放置していると損! 相続空き家を維持するための方法
自身が購入するわけではなくても、親から相続することにより不動産を取得することがあります。しかし、「マイホームが欲しい」、「不動産投資がしたい」などの目的があるわけではなく不動産を取得した場合、使い道がわからず、そのまま放置して空き家になってしまうケースが多くあります。ここでは、相続空き家を放置しておくことのデメリット、そして維持するための方法についてご紹介します。
空き家を放置することによるデメリットと解決策

空き家を放置してしまうと、以下の3つのデメリットが考えられます。
・固定資産税を支払い続ける
土地や建物などの不動産を持っている場合には固定資産税を納税する義務があり、それが空き家であっても同様の義務が課せられています。

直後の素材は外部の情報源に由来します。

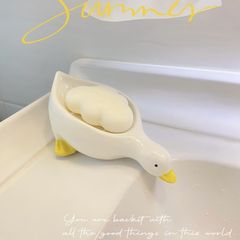 かわいい小さな黄色いアヒルの石鹸箱は水を溜めず、水を流します。デザインされた浴室のシンク収納石鹸箱排水ボード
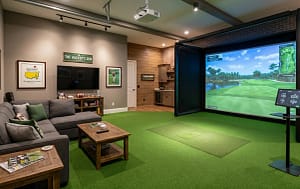 Premium Uneekor Home Golf Simulator Installation | Sims & Greens - Sims & Greens A custom-engineered luxury residential indoor golf simulator sanctuary installation featuring a seamless, flush-mounted synthetic turf flooring that transitions perfectly from the putting mat to the large impact screen, shown in a private home setting.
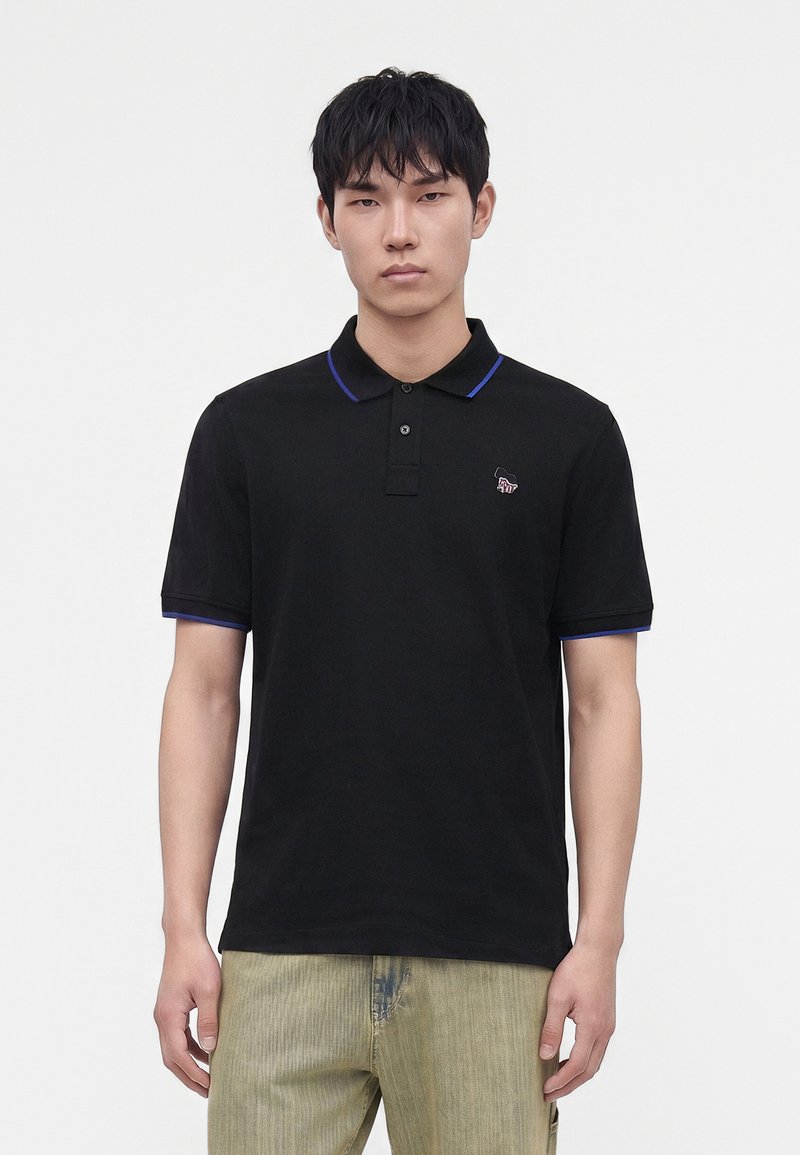 Jeune homme portant un polo noir avec une bordure bleue et un pantalon vert clair, se tenant devant un fond blanc uni.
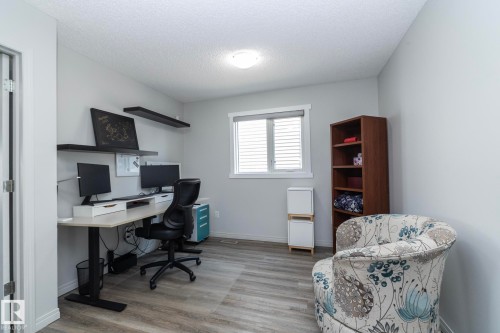 Room featuring wood-finish flooring, a window with blinds, and light gray walls - 1640 Chapman Way Sw, Edmonton, AB - Indoor Photo Showing Office
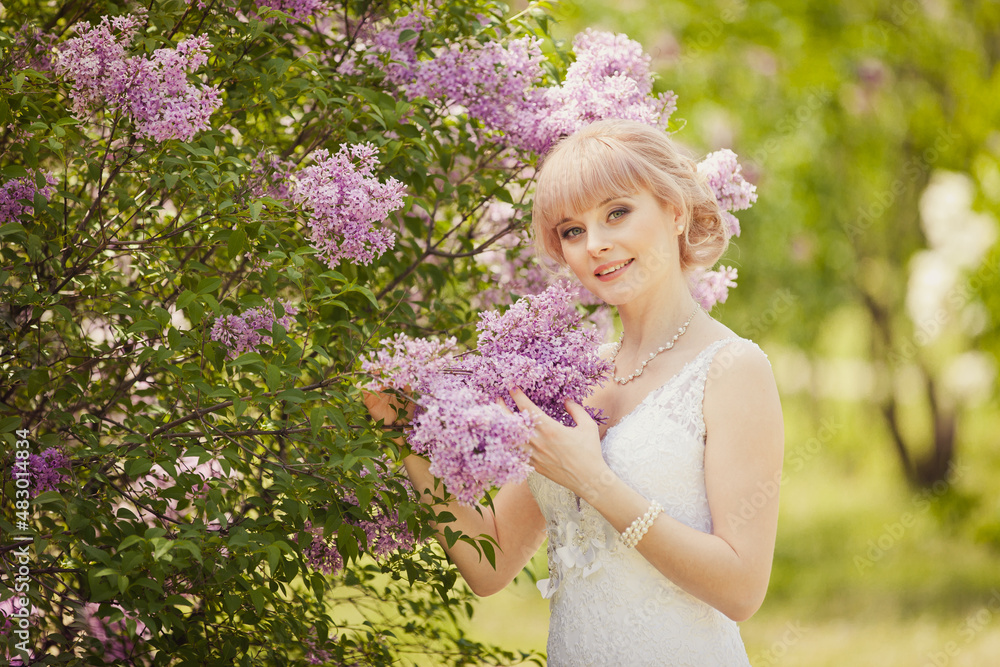 Fototapeta premium Beautiful blonde Bride in elegant wedding dress in blooming lilac garden. Waist portrait in sunset light. Pretty young caucasian girl. Spring wedding day. Romantic mood. Romantic wedding ceremony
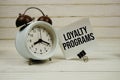 Loyalty Programs text message on sticky note with alarm clcok on wooden background Royalty Free Stock Photo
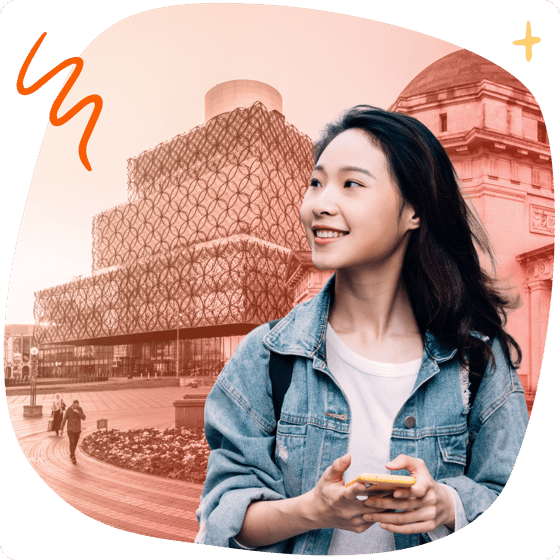 Student with phone in front of Birmingham landmarks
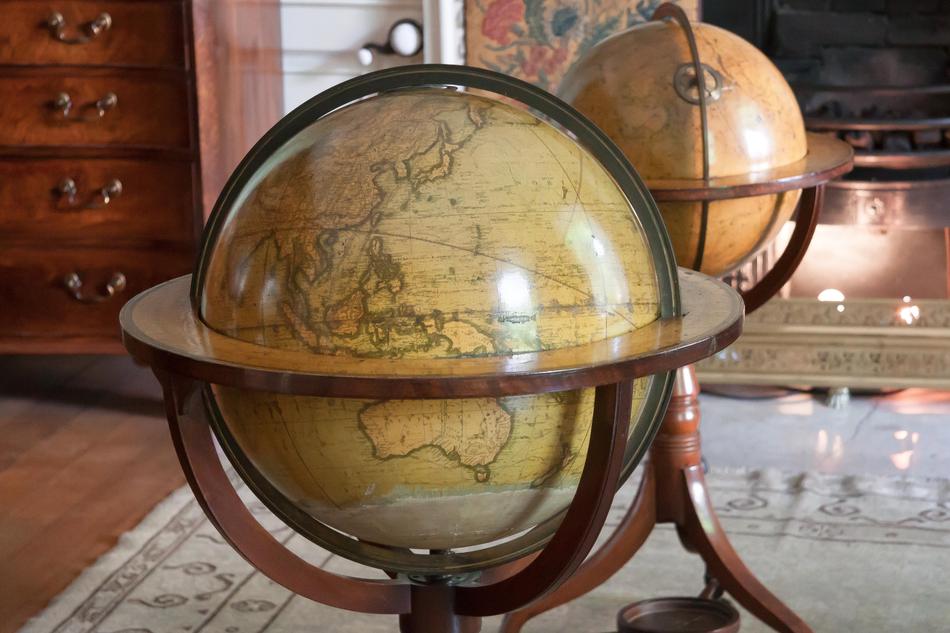 Shiny and colorful globes in the stands, on the map, among the furniture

しかも、平成27年5月に全面施行された空き家対策特別措置法により、さらにリスクが増えます。法律では、倒壊の危険がある、ゴミなどが溜まって地域に悪影響を与える、などの状態にある空き家を“特定空家等”と定義しています。通常であれば住宅用地の固定資産税は最大6分の1に減額する控除が適用されていますが、この法律により、“特定空家等”に認定された空家には控除が適用されなくなりました。つまり、それまでの最大6倍の固定資産税を支払わなければならなくなるのです。
・劣化が進み、不動産の価値が低下する
何も手入れをせずに放置していると、建物が傷んだり雑草が増殖したりして不動産としての価値が下がってしまいます。そうなると、いつか売却しようとなった際に評価額が大きく下がる可能性があります。
・膨大な過料が課せられる可能性がある
不動産の劣化が進み、自治体から特定空家等に認定されると、過料が課せられることがあります。例えば、改善命令が出された際にそれを無視すると、50万円以下の過料が課せられます。また、強制執行が行われる際はその費用を所有者が負担することになります。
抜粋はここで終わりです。